The theologically literal sense also proved crucial for expounding trinitarian and christological doctrine in the early church. The Arian controversy of the fourth century showcased debate over the literal meaning of a number of key texts in which both Arian and pro-Nicene theologians laid heavy stakes. For instance, with a text like Colossians 1:15, which designates Christ (the Son) as “firstborn of creation,” Arians took its plain sense to be that the Son of God was himself a created being, albeit the most exalted of creatures or even the agent of divine creation. Athanasius and the Cappadocians brought other considerations into play in order to argue exactly the opposite. Athanasius takes his cue from the larger flow of the passage. How, logically, could the one “in whom” and “through whom” all things were created (Col. 1:16) and “in whom all things hold together” (1:17) be a creature himself? Athanasius takes as self-evident “that neither for himself as a creature, nor as sharing in the same essence with all creation, has he been dubbed ‘firstborn’ of it, but because the Logos, when at the beginning he formed creatures, condescended to created things to enable them to come into existence” (Orations against the Arians 2.64). The other option—and here we see the pliability of the literal sense—was to interpret “firstborn of all creation” in reference to the Son’s incarnation, his created humanity, which was the archetypal model for all human beings (cf. Athanasius, Orations against the Arians 2.61–4; Gregory of Nyssa, Against Eunomius 1.573; 3.2.45–57; Hilary of Poitiers, On the Trinity 8.50; Theodore of Mopsuestia, Comm. in Col. 1.15). The context of Colossians 1:15–20 could accommodate this meaning as well, since Christ is also called “firstborn from the dead” (Col. 1:18), just as in Romans 8:29 he is the “firstborn among many brothers and sisters.”

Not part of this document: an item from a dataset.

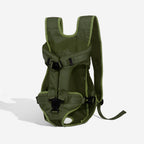 Pet Carrier Backpack Adjustable Breathable Mesh for Dogs Cats Travel Outdoor — Image 9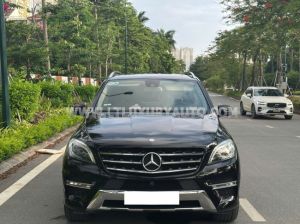Xe Mercedes Benz ML Class ML400 AMG 4Matic 2014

Proverbs 8:22—”God created me the beginning of his ways, for the sake of his works”—commanded attention because both Arian and pro-Nicene interpreters took it literally (and prosopologically) as an utterance of the Logos himself, qua Wisdom. Arians predictably assumed that the Logos here attested his own creaturely status, but Athanasius, Gregory of Nyssa, and others considered such a reading simplistic and superficial. Some referenced the follow-up in Proverbs 8:24–25, where Wisdom says that the Creator “begets me” (present tense) before having created the earth, as an affirmation of the “eternal generation” of the Son (Athanasius, Defense of the Nicene Definition 26; Orations against the Arians 2.80; Hilary, On the Trinity 12.37). Several writers famously referred Proverbs 8:22 to the incarnate Son’s created humanity (Marcellus of Ancyra, Fragments 26–9; Athanasius, Orations against the Arians 2.44–82; Gregory of Nyssa, Against Eunomius 2.110–113; Gregory Nazianzen, Oration 30.2; Ambrose, On the Faith 1.15.96). Pro-Nicenes consistently beheld a pattern within Scripture interweaving theologia (the mystery of the Trinity) and oikonomia, the historical outworking of the Trinity’s salvific initiatives.

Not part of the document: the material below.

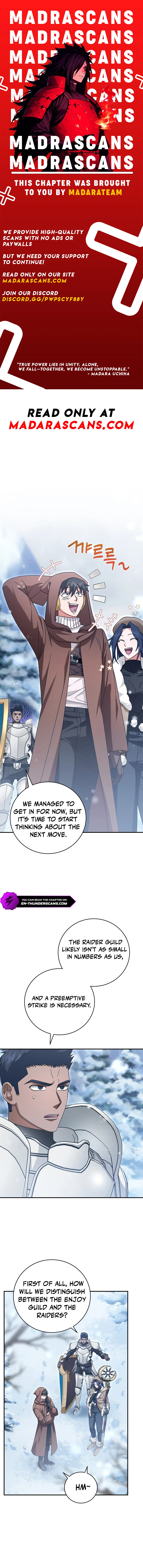 Master of All Skills chapter 21 page 1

On the whole, patristic theological interpretation of Scripture operated not according to a strict regimen of “senses” of Scripture but by a larger “deductive” reasoning and by “reading strategies” designed to understand the whole of Scripture in relation to its overarching divine intentionality, or skopos (Young, pp. 40, 117, 200, 247, 299). A true master of this strategic approach was Cyril of Alexandria, especially in his Commentary on John, where each pericope of the ministry of Jesus is treated as a tableau of the mysterious divine economy. For example, in the miracle at Cana (John 2:1–11), Cyril, true to his exegetical habit, integrates literal and spiritual interpretation. The miracle is, at one level, a straightforward demonstration of the Son of God’s power to transform a material that he had already created. But its context within a nuptial celebration signals the mystery of the Bridegroom (the Son) uniting himself with the bride (human nature) so as to renew and resurrect it (as the miracle happened on “the third day”) (Comm. on John 2; see Margerie 1993, Vol. 1, pp. 241–270).

Scriptural Interpretation and Religious Devotion.

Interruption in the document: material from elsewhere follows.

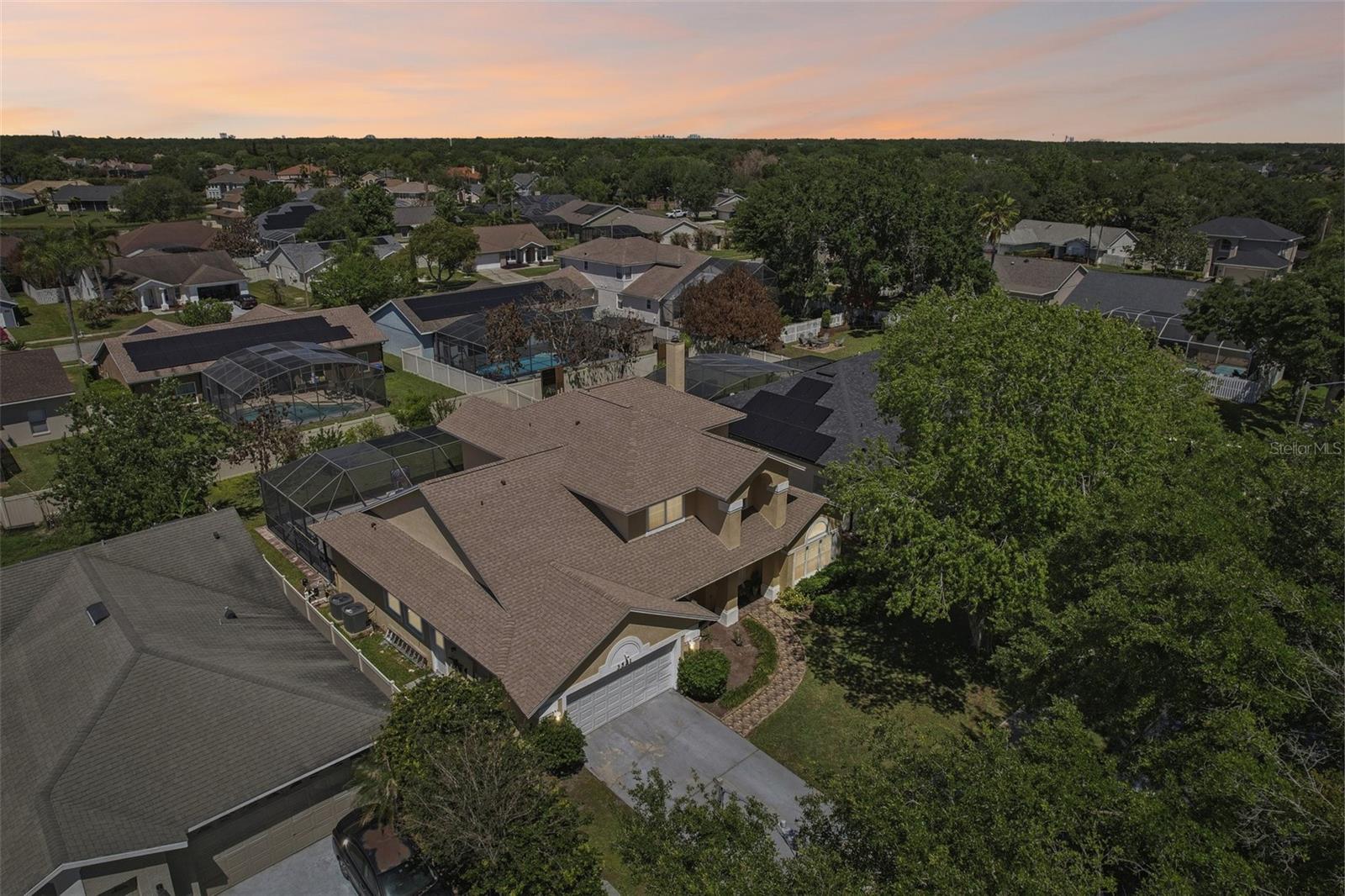 3521 MOLONA DR, ORLANDO, FL, 32837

Modern standards of academic interpretation, whereby critical exegesis of the Bible needs to be strictly segregated from use of the sacred texts in devotional and liturgical settings, could not be more foreign to the conventions of patristic hermeneutics. We need look no further than the two most influential hermeneutical treatises of the early church, Origen’s On First Principles (Book 4), and Augustine’s On Christian Doctrine. Origen’s principles (archai) of interpretation have more to do with the whole economy of biblical revelation than with exegetical methods per se (see Daley 1998). The Holy Spirit, he avers, has providentially disposed all of scripture, including its difficulties and obstacles (skandala), to advance souls toward higher spiritual truth (On First Principles 4.2.7–4.3.15). Augustine, in his scrupulous analysis of the nature of biblical language, distinguishes between scriptural “signs” (signa)—both straightforward and ambiguous signs—and the realities (res) to which they refer, and insists that the ultimate res of all scripture is the mystery of the Trinity, which can be approached and “enjoyed” only by those who are being purified, maturing in their journey of faith, and exercising the love of God and neighbor (On Christian Doctrine 1.5.5–1.40.44; see Markus 1996). Like Origen, Augustine maintains that the Holy Spirit has designed scripture to motivate and satisfy spiritual hunger (On Christian Doctrine 2.6.8). For both authors, the Bible is a book of enigmas and mysteries embedded in the texts to goad the lazy and reward the diligent.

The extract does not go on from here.